Se sabe de la
fuerza y dinamismo que adquirieron los tempranos concejos de la Edad Media en León y Castilla y su capacidad para
restringir el poderío de la Corte. Estas primigenias reuniones políticas del ‘tercer
estado’, como han querido ver en el concejo
algunos historiadores, consiguieron importantes libertades y derechos civiles
-muchos más que en otros lugares- y por ello prosperidad y poder, pero pagaron
muchos servicios, especialmente fiscales.
Los reyes se
podían llevar de los concejos
rendimientos de explotaciones como minas, pesquerías o salinas; rentas sacadas
de propiedades reales como tierras de labranza, bosques, molinos, viñas o
huertos; impuestos directos (la marzazga y la fumazga, por ejemplo) e
indirectos (sobre todo portazgos y pontazgos); diversidad de gabelas por pequeños
negocios y aprovechamientos; parte de los botines en las acciones de guerra
como deber militar… En fin, aparte de otros servicios curiosos como los de
mandadería (mensajería), castellaría (trabajos de albañilería) y el conducho
ocasional para el buen yantar del rey en sus visitas al municipio de turno.
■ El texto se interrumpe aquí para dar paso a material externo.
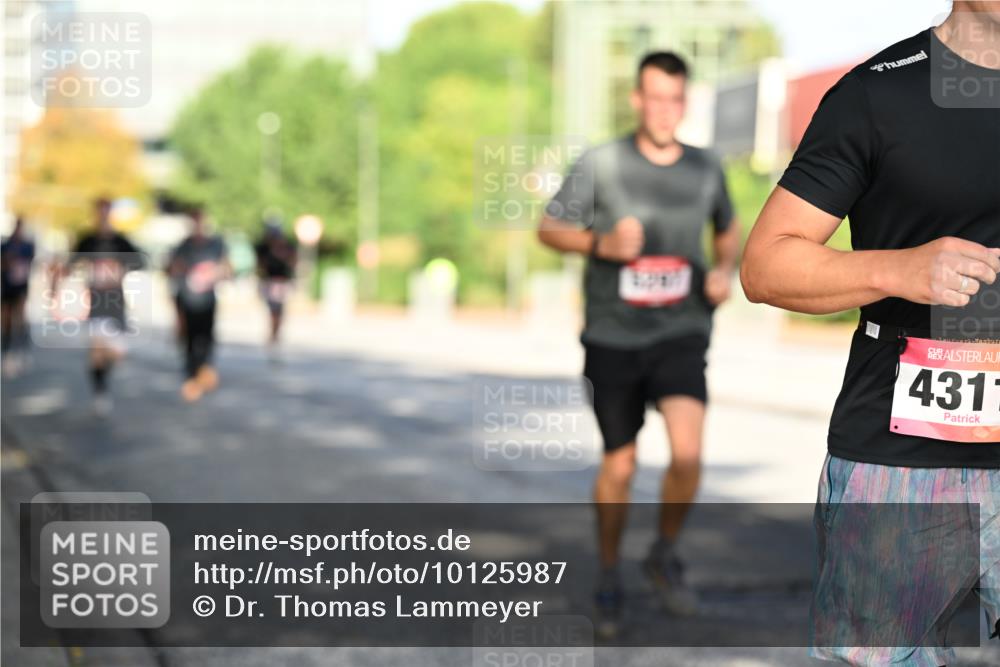 06.09.2026 - CURREX Alsterlauf Dr. Thomas Lammeyer http://msf.ph/oto/10125987 06.09.2026 09:44:19 Laufen 431 meine-sportfotos.de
Había localidades,
además, con prestaciones extraordinarias.
Pero de todos
los servicios, el más extraño, difícil e incluso heroico, el más novelesco y
fantástico, era el que tenían que cumplir algunas villas costeras que como la
de Motrico (ya registrada al respecto en 1200 por documento de Alfonso VIII) suministraban anualmente a la corona nada menos que… ¡una ballena!. Regalar
ballenas era una cosa de mucho lustre. Me imagino la ballena atravesando
trigales bajo los azulísimos cielos castellanos.
¡Qué no hubiera
sacado Herman Melville de este asunto!